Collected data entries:
------------

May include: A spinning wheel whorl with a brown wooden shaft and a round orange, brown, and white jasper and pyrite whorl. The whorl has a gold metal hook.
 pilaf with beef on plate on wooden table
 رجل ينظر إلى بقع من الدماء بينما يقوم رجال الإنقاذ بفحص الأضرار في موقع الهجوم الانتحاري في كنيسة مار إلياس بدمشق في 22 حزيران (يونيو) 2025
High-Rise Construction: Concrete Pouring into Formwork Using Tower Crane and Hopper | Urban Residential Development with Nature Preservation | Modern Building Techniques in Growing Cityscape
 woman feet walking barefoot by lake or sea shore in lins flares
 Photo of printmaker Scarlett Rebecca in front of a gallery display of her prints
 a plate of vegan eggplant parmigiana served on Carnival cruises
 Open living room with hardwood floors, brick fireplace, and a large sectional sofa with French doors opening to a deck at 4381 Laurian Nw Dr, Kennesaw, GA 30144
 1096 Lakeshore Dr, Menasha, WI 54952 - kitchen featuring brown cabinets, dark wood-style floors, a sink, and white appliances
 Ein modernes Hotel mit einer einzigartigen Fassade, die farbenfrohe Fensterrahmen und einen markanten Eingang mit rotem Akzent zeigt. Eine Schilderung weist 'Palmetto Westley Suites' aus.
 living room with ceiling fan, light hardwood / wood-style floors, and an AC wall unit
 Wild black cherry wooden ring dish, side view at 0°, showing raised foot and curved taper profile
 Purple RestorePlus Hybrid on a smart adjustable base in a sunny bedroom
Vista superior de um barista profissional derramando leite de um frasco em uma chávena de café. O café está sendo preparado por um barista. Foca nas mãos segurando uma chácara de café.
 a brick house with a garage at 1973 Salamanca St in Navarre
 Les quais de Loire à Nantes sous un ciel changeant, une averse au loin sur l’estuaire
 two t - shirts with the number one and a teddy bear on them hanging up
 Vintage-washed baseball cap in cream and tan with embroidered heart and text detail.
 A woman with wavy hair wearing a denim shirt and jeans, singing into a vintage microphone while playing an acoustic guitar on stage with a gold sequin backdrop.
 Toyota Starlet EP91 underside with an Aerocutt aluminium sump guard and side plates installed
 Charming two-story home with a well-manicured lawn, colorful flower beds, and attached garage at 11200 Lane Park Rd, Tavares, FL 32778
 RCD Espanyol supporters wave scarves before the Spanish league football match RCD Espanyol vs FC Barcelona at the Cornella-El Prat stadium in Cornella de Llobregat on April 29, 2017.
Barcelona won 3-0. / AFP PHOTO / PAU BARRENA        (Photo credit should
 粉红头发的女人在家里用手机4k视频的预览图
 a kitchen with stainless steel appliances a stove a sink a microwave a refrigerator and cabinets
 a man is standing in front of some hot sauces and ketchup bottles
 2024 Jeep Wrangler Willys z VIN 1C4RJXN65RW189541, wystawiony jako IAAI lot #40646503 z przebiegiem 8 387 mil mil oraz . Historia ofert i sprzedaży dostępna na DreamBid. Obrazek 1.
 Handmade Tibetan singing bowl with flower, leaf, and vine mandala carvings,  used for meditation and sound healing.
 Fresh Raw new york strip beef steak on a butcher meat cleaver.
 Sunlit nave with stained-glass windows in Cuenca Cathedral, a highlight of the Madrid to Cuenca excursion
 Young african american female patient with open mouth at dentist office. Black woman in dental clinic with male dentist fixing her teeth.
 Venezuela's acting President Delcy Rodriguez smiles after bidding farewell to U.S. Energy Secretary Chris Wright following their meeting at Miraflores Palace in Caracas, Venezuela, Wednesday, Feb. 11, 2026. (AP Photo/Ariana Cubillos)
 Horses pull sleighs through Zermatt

------------

THE PROBLEM: Your answer should be the lines from the one containing "a man is standing" to the end of the entries above, restated exactly and alone.

EXPECTED ANSWER:
 a man is standing in front of some hot sauces and ketchup bottles
 2024 Jeep Wrangler Willys z VIN 1C4RJXN65RW189541, wystawiony jako IAAI lot #40646503 z przebiegiem 8 387 mil mil oraz . Historia ofert i sprzedaży dostępna na DreamBid. Obrazek 1.
 Handmade Tibetan singing bowl with flower, leaf, and vine mandala carvings,  used for meditation and sound healing.
 Fresh Raw new york strip beef steak on a butcher meat cleaver.
 Sunlit nave with stained-glass windows in Cuenca Cathedral, a highlight of the Madrid to Cuenca excursion
 Young african american female patient with open mouth at dentist office. Black woman in dental clinic with male dentist fixing her teeth.
 Venezuela's acting President Delcy Rodriguez smiles after bidding farewell to U.S. Energy Secretary Chris Wright following their meeting at Miraflores Palace in Caracas, Venezuela, Wednesday, Feb. 11, 2026. (AP Photo/Ariana Cubillos)
 Horses pull sleighs through Zermatt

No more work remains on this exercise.